5. A realidade do país quanto ao acesso do negro à universidade melhorou muito nos últimos anos, o que contribui para que os dados atuais de acesso a emprego e carreira no mercado de trabalho sejam inaceitáveis. A educação é um fator determinante para o sucesso no mundo do trabalho. Segundo o IBGE, na Síntese dos Indicadores Sociais 2012, o acesso ao nível superior “cresceu de 27,0% para 51,3%, entre 2001–2011, sendo que, entre os estudantes negros ou pardos nessa faixa etária3, a proporção cresceu de 10,2% para 35,8%”.4 Com um número três vezes maior de negros em relação a 2001, é intolerável que os dados do mercado de trabalho não revelem o aproveitamento dessa oferta de trabalhadores qualificados, demonstrando que há outros fatores interferindo nas escolhas das empresas. Portanto, a educação sozinha, sem ações afirmativas por parte do mercado de trabalho, não tem sido capaz de promover para os negros a mesma ascensão e benefícios dos que não são negros.

6. No âmbito das empresas, as ações afirmativas precisam adquirir maior amplitude e efetividade. São tímidas em relação à promoção da igualdade racial e, diante de tamanho desafio, precisam ser avaliadas para que se identifiquem problemas e se ganhe maior efetividade. É preciso ampliar os espaços de reflexão sobre o tema no próprio movimento de responsabilidade social empresarial. Dentro das empresas, é preciso maior envolvimento da alta liderança, com programas mais robustos em termos de beneficiados, estratégias e recursos.

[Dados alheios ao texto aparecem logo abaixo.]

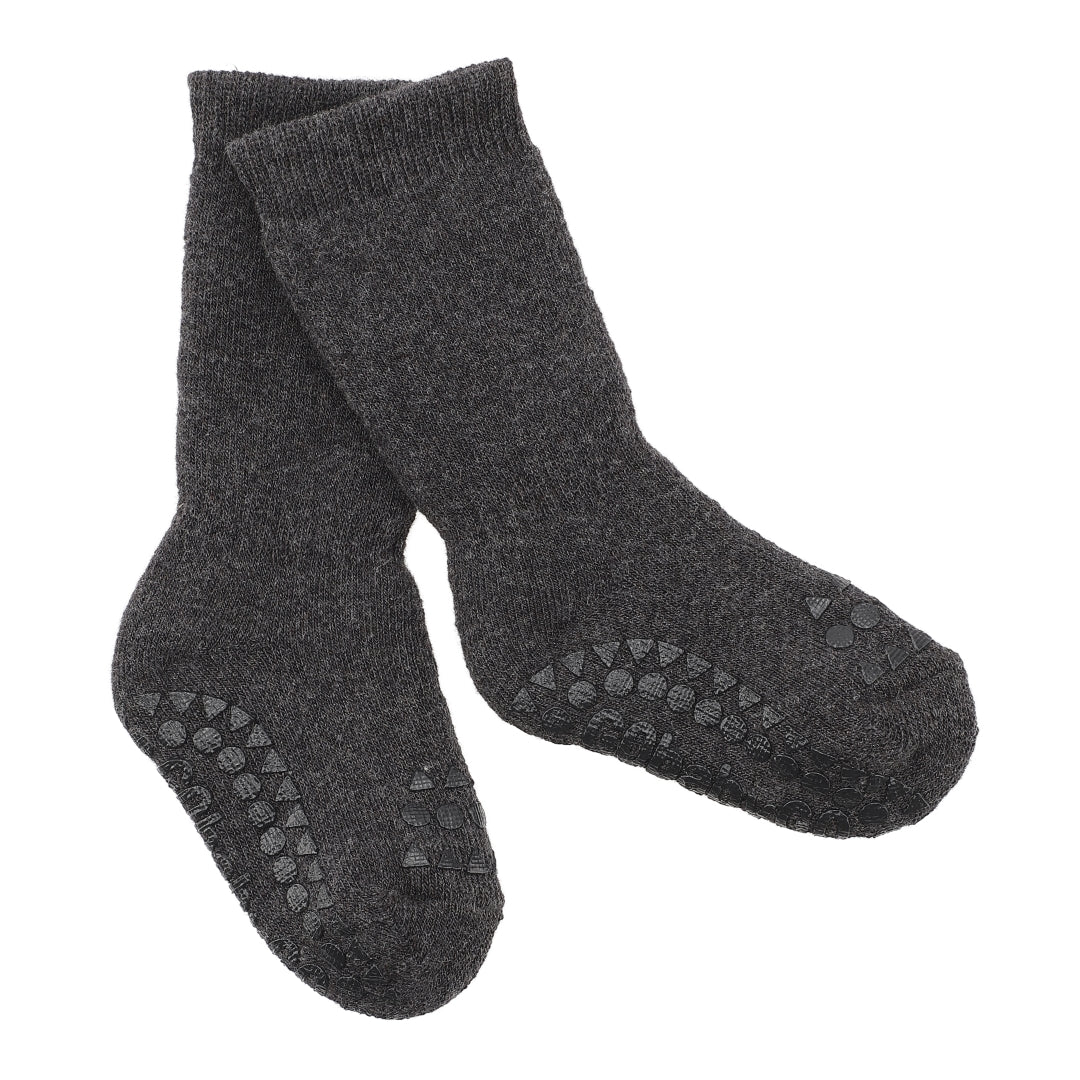 Skridsikre Strømper Tyk Bomuld Dark Grey -12 Mdr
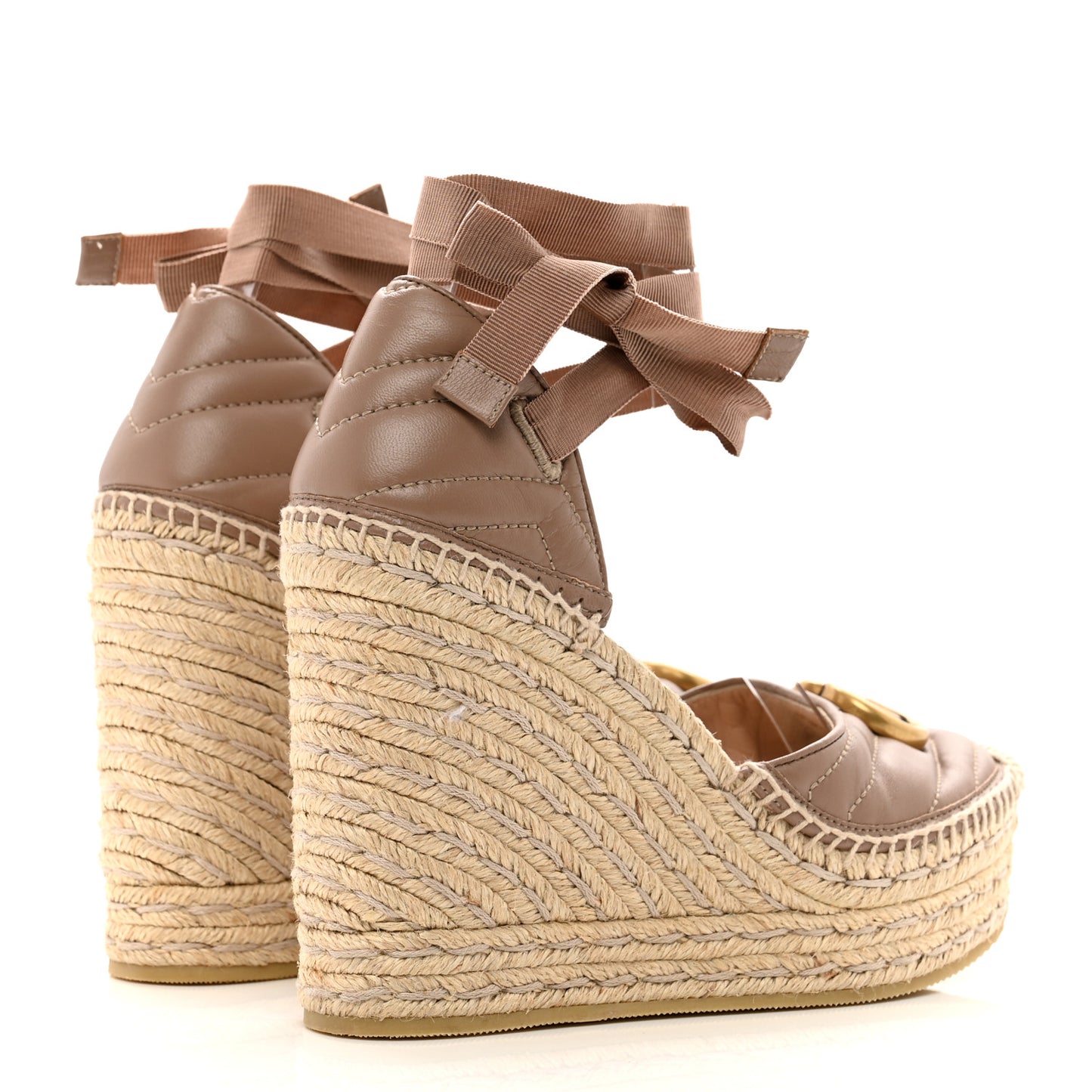 Nappa Matelasse GG Marmont Ankle Wrap Platform 35/120mm Espadrille Wedges 37 Porcelain Rose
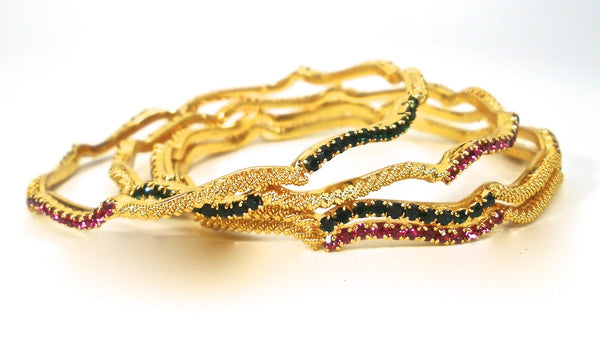 wavy bangles with colored stones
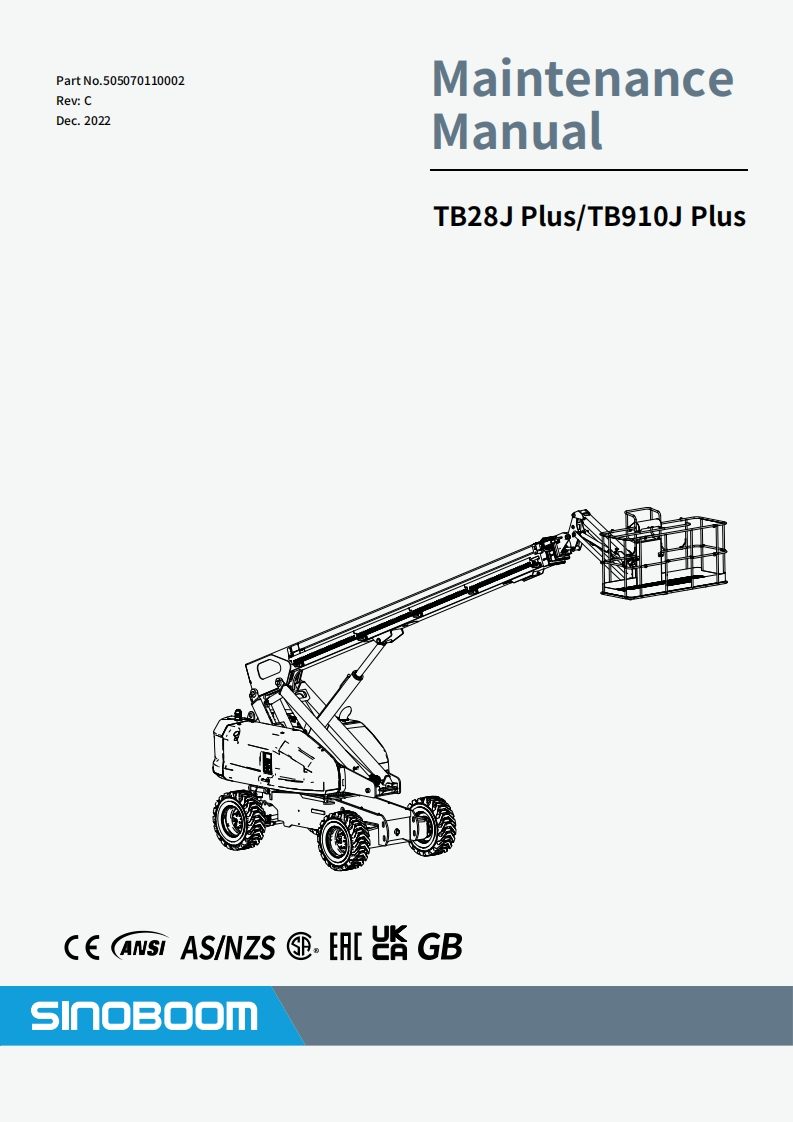 星邦重工SINOBOOM-TB28J-PlusTB910J-Plus维修说明书手册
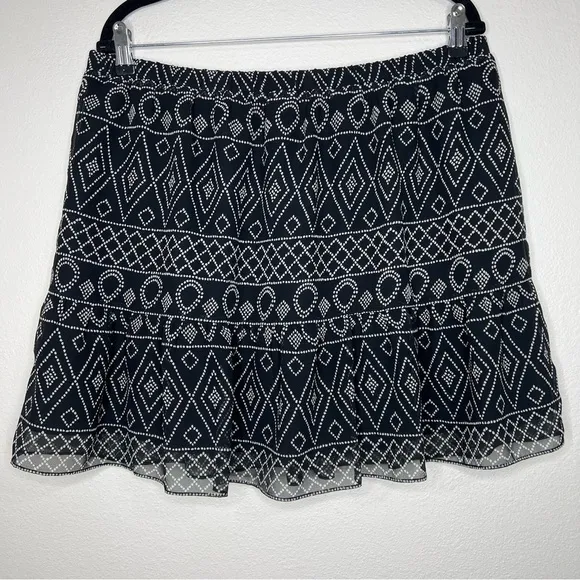 Madewell Caravan Black &amp; White Geometric Printed Flowy Mini Skirt XL NWT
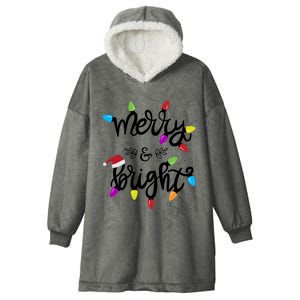 Funny Merry And Bright Christmas Lights Gift Hooded Wearable Blanket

7. É preciso enfrentar conceitos que persistem e que não têm ajudado as empresas a sair da situação atual. Existe a ideia de que no Brasil não há racismo, que “o problema é social e não racial”, entre outras abordagens que apenas reforçam a certeza sobre a presença exuberante do racismo, criando impactos negativos na gestão empresarial.

8. Para garantir melhores resultados, é preciso ampliar significativamente o número de ações afirmativas nas empresas, sobretudo nas maiores. Elas têm uma influência na cadeia de valor que permeia todo o mercado de trabalho, mas é importante frisar que também precisam aprender com as pequenas e médias empresas, cujos dados sobre inclusão do negro seguem outros padrões de comportamento.

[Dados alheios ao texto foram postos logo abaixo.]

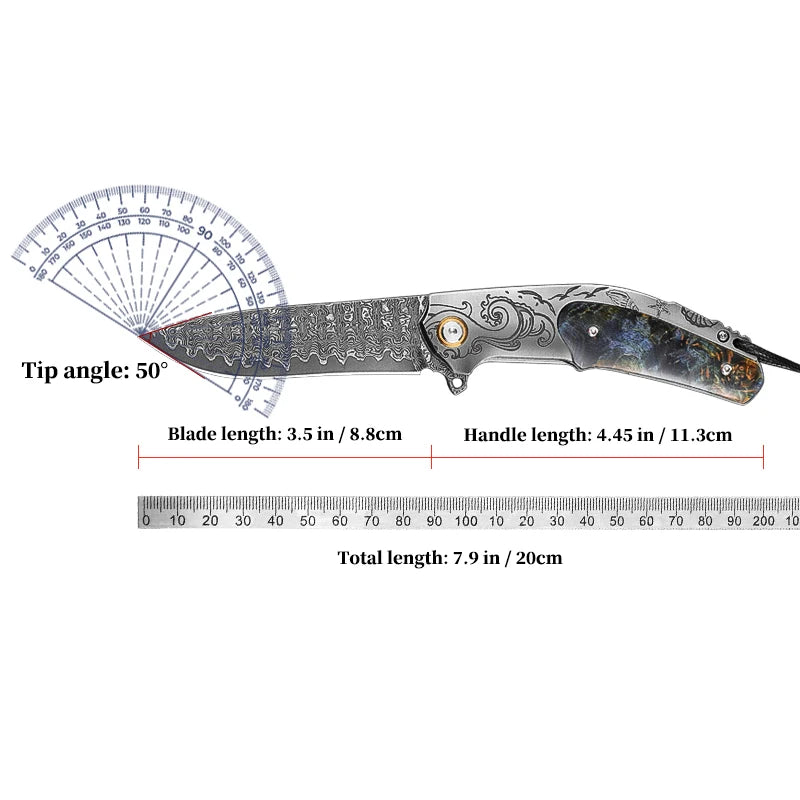 Handmade Damascus Steel Pocket Knife, Men s and Women s Folding Knife, Outdoor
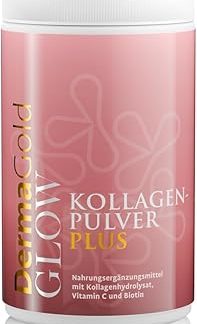 DermaGold Glow Collagen Powder Plus 400 г | С гидролизатом коллагена, порошком витамина С и биотином | Изготовлено из чистого, высокоочищенного, биоактивного гидролизата коллагена, примерно 26 порций по 15 г | Произведено в Германии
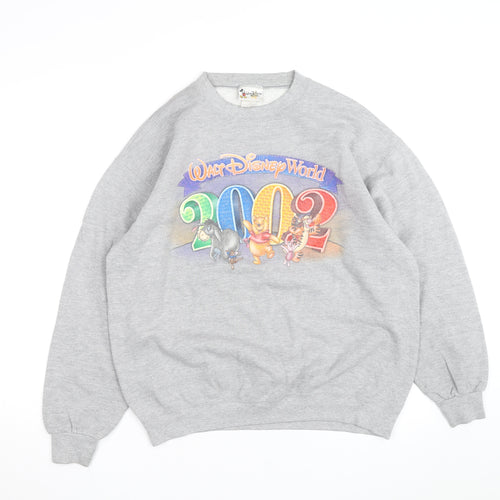 Disney Men Grey 2002 Winnie the Pooh Crew Neck Sweatshirt L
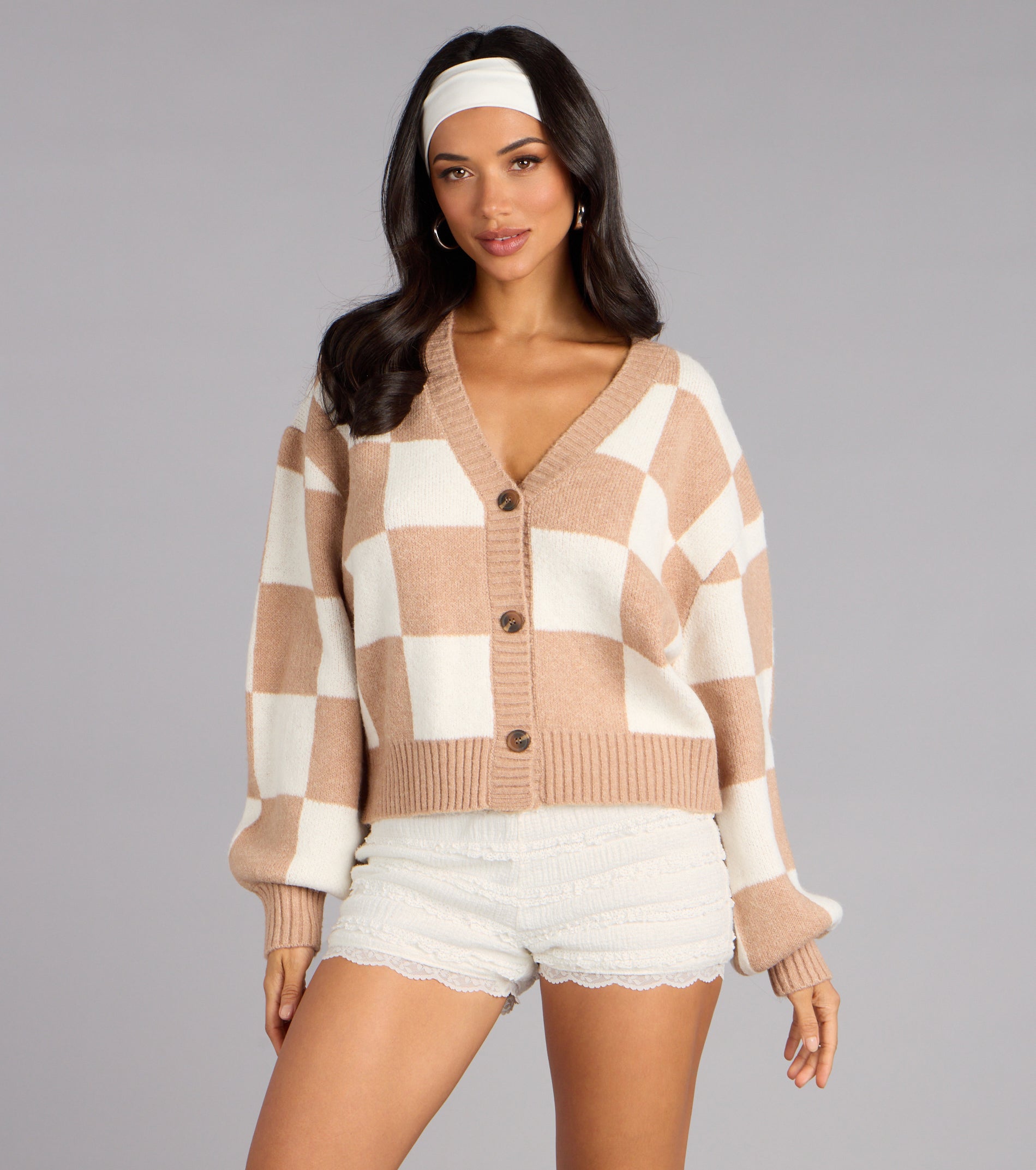 Checked Out Button-Up Cardigan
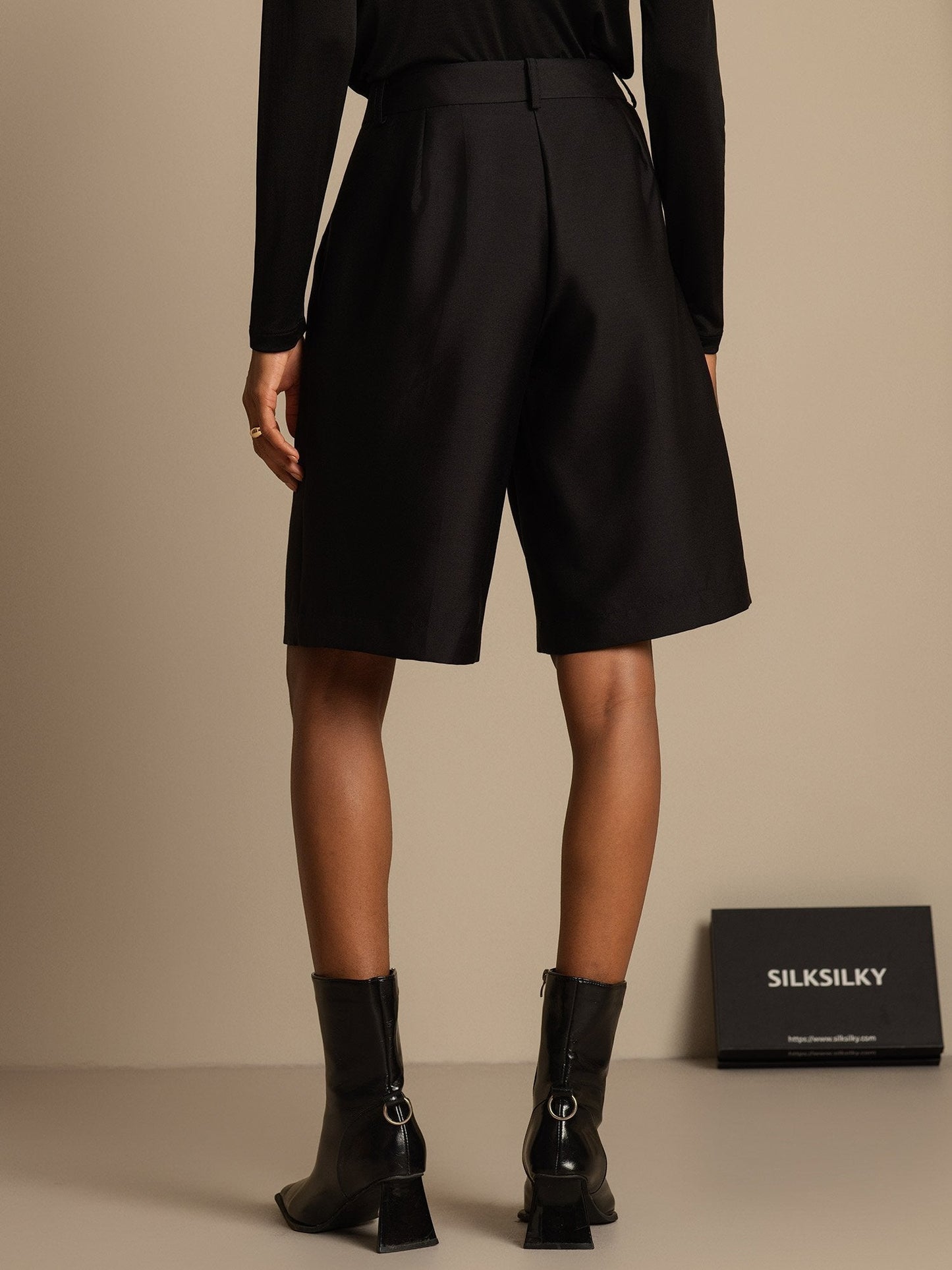 32Momme Seide-Wolle-Mischung Hohe Taille Gerade Passform Damen Mid-Länge Hose mit Seitentaschen Design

9. As empresas devem explicitar que as ações afirmativas se devem aos impactos negativos causados pelo racismo na sociedade e visam corrigir os problemas, reaproximar a organização do segmento negro e reparar o prejuízo que têm com a ausência deste, uma vez que operam seus negócios numa sociedade em que a maioria da população se autodeclara negra. São argumentos racionais, dentro da lógica empresarial, que também compreendem a linguagem dos valores e da necessária sintonia com a identidade organizacional, além do compromisso para com o desenvolvimento sustentável. Impactos negativos na reputação têm custado caro a muitas empresas, que podem não aparecer no Índice Dow Jones de Sustentabilidade (DJSI), no Índice de Sustentabilidade Empresarial (ISE) BM&F Bovespa ou no Guia Você S/A-Exame das Melhores Empresas para Você Trabalhar, por exemplo.

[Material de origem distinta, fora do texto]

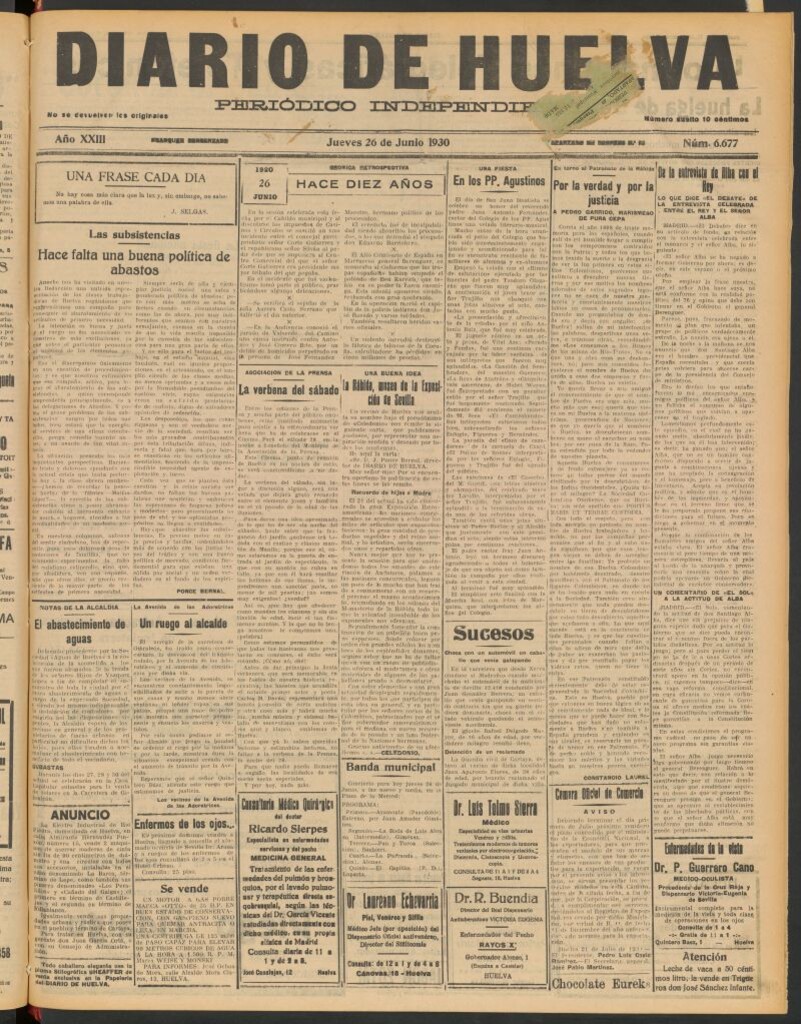 Miniatura de Diario de Huelva : periódico independiente del 26 de junio de 1930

10. É preciso evitar discursos que, usando como justificativa as deficiências de formação da população negra, apenas fortalecem o racismo. Também a empresa tem “deficiências de formação” quando não sabe identificar qualidades naquilo que é diferente dos brancos e quando se afasta de mais de 50% da população, gerando alto impacto negativo na constituição de suas equipes, no acesso a talentos, nos negócios com a nova classe média e em outros espaços com maior presença da população negra. As ações afirmativas existem para corrigir um problema na sociedade e na organização e para acelerar resultados na promoção da equidade, retirando barreiras que impedem a empresa de acessar seus talentos por causa do racismo, e não apenas da falta de qualificação profissional dos negros. Todos os brancos, majoritariamente presentes nas empresas e nos cargos de liderança, são tão mais qualificados que os negros ou há maior tolerância com a qualidade de sua formação educacional e profissional?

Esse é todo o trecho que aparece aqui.